DOHA: Qatar called on the international community on Wednesday to prevent a “genocide” in Rafah following Israel’s seizure of the Gaza city’s crossing with Egypt and threats of a wider assault.

In a statement the Gulf state, which has been mediating between Israel and militant group Hamas, appealed “for urgent international action to prevent the city from being invaded and a crime of genocide being committed.”

Israel struck targets in the Gaza Strip on Wednesday after seizing the main border crossing with Egypt. Israel has vowed for weeks to launch a ground incursion into Rafah, despite a clamour of international objection.

The attacks on the southern city, which is packed with displaced civilians, came as negotiators and mediators met in Cairo to try to hammer out a hostage-release and truce deal in the seven-month war.
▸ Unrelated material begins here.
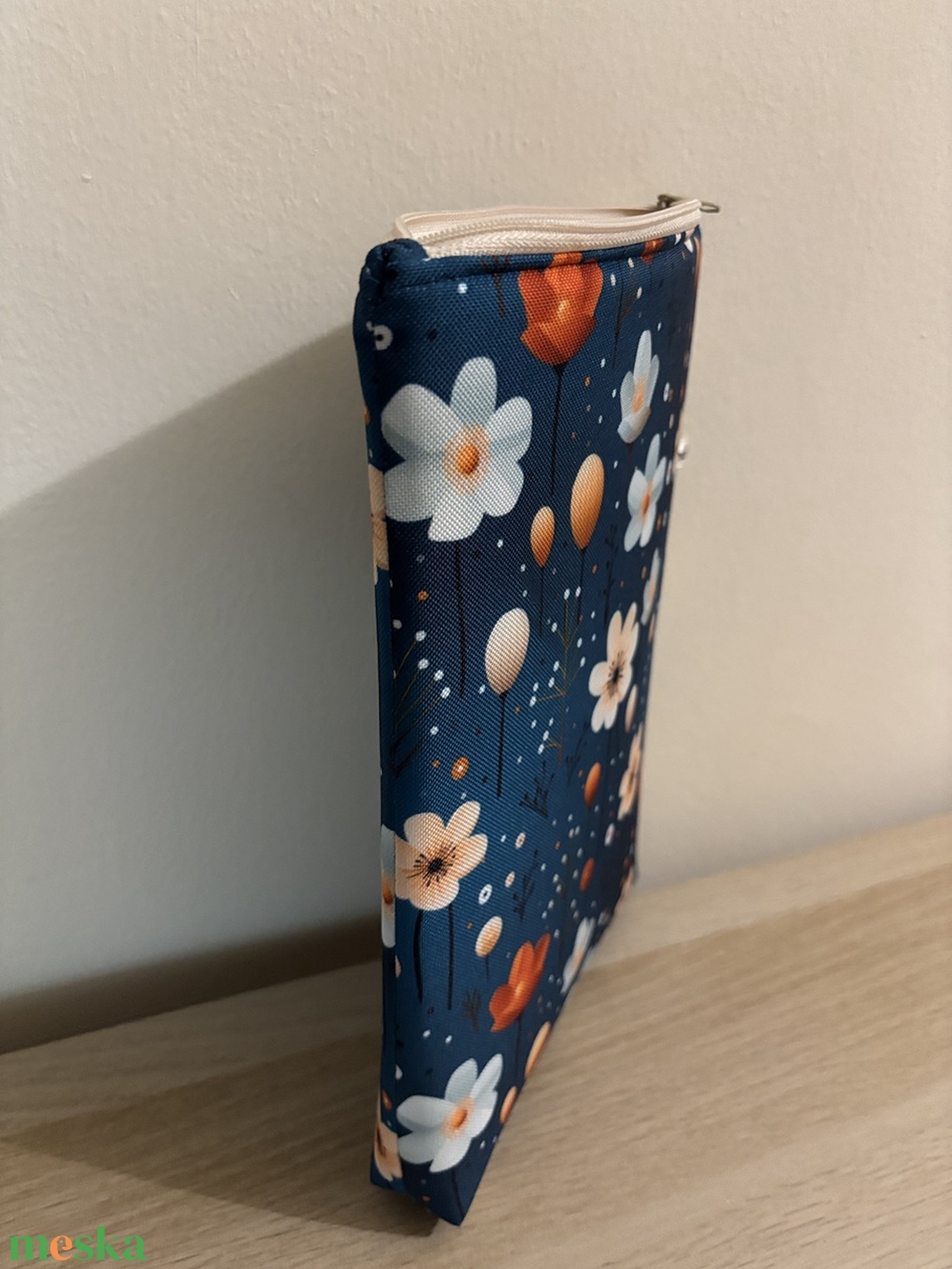 Könyv/iPad/Tablet védő utazó tok - táska & tok - ebook & tablet tok - Meska.hu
Qatar, which has hosted Hamas’s political office in Doha since 2012, has been engaged — along with Egypt and the United States — in months of behind-the-scenes mediation between Israel and the Palestinian group.

The African Union condemned Wednesday the Israeli military’s moves into southern Gaza’s Rafah, calling for the international community to stop “this deadly escalation” of the war.

AU Commission chief Moussa Faki Mahamat “firmly condemns the extension of this war to the Rafah crossing,” said a statement after Israeli tanks captured the key corridor for humanitarian aid into the besieged Palestinian territory.

Faki “expresses his extreme concern at the war undertaken by Israel in Gaza which results, at every moment, in massive deaths and systematic destruction of the conditions of human life,” the statement said.

“He calls on the entire international community to effectively coordinate collective action to stop this deadly escalation.”